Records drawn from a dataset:
☆ ☆ ☆

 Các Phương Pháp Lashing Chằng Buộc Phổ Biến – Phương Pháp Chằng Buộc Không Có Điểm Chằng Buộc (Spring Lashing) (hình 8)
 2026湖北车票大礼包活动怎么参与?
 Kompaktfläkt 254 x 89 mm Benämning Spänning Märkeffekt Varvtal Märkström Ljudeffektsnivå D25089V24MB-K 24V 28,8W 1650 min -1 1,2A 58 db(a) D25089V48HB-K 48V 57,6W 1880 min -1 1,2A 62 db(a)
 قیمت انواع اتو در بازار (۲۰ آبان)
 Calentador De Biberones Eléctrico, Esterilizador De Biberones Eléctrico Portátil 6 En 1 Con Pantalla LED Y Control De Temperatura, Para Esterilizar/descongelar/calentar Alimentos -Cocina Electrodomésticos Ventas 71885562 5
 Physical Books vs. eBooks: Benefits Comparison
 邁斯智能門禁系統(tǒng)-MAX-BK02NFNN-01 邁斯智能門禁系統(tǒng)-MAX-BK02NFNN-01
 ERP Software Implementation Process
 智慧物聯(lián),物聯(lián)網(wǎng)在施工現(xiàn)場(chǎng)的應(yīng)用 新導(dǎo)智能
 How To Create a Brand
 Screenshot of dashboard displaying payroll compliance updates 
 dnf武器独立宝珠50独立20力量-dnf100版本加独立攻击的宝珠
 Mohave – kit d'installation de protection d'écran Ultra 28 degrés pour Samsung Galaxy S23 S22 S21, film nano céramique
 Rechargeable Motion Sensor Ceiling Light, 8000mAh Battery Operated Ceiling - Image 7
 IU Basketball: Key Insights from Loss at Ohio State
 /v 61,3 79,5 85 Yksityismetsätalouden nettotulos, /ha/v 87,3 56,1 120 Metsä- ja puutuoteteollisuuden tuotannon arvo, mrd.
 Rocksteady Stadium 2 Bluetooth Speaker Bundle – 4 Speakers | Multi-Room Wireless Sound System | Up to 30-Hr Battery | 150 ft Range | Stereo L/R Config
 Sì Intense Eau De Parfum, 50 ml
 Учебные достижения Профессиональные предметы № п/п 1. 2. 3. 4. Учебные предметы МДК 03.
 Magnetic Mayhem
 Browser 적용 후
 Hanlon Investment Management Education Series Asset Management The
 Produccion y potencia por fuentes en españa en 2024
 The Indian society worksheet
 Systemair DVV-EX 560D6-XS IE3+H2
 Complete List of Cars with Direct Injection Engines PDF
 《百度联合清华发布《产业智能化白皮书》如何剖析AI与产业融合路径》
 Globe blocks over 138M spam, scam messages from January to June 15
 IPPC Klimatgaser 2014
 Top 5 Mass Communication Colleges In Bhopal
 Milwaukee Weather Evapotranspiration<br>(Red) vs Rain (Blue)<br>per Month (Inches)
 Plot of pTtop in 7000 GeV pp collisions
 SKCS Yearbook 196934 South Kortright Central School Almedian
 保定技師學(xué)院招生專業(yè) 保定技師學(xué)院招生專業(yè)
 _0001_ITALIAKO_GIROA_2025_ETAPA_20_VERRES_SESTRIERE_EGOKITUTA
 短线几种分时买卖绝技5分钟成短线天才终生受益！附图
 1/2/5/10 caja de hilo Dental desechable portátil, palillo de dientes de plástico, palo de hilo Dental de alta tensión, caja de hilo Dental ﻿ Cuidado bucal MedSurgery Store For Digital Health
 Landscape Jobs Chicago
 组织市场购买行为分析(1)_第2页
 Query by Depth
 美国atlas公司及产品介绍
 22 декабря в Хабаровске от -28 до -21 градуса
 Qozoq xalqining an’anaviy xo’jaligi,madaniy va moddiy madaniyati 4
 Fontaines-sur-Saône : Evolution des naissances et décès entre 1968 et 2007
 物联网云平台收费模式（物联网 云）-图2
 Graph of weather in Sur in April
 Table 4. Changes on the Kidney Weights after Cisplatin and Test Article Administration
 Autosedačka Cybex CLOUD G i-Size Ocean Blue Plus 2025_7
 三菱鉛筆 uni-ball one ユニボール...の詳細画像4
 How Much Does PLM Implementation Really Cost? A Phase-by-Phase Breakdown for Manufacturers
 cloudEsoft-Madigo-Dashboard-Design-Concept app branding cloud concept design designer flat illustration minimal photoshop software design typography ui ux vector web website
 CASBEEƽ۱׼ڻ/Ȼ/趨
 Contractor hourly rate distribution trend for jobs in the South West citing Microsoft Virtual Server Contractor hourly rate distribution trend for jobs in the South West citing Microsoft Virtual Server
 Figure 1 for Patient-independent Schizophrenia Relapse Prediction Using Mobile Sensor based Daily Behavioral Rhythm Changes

☆ ☆ ☆

Required action:
Each line from the start of the records through the line holding "Calentador De Biberones" must be returned exactly; nothing else belongs in the answer.

Solution:
 Các Phương Pháp Lashing Chằng Buộc Phổ Biến – Phương Pháp Chằng Buộc Không Có Điểm Chằng Buộc (Spring Lashing) (hình 8)
 2026湖北车票大礼包活动怎么参与?
 Kompaktfläkt 254 x 89 mm Benämning Spänning Märkeffekt Varvtal Märkström Ljudeffektsnivå D25089V24MB-K 24V 28,8W 1650 min -1 1,2A 58 db(a) D25089V48HB-K 48V 57,6W 1880 min -1 1,2A 62 db(a)
 قیمت انواع اتو در بازار (۲۰ آبان)
 Calentador De Biberones Eléctrico, Esterilizador De Biberones Eléctrico Portátil 6 En 1 Con Pantalla LED Y Control De Temperatura, Para Esterilizar/descongelar/calentar Alimentos -Cocina Electrodomésticos Ventas 71885562 5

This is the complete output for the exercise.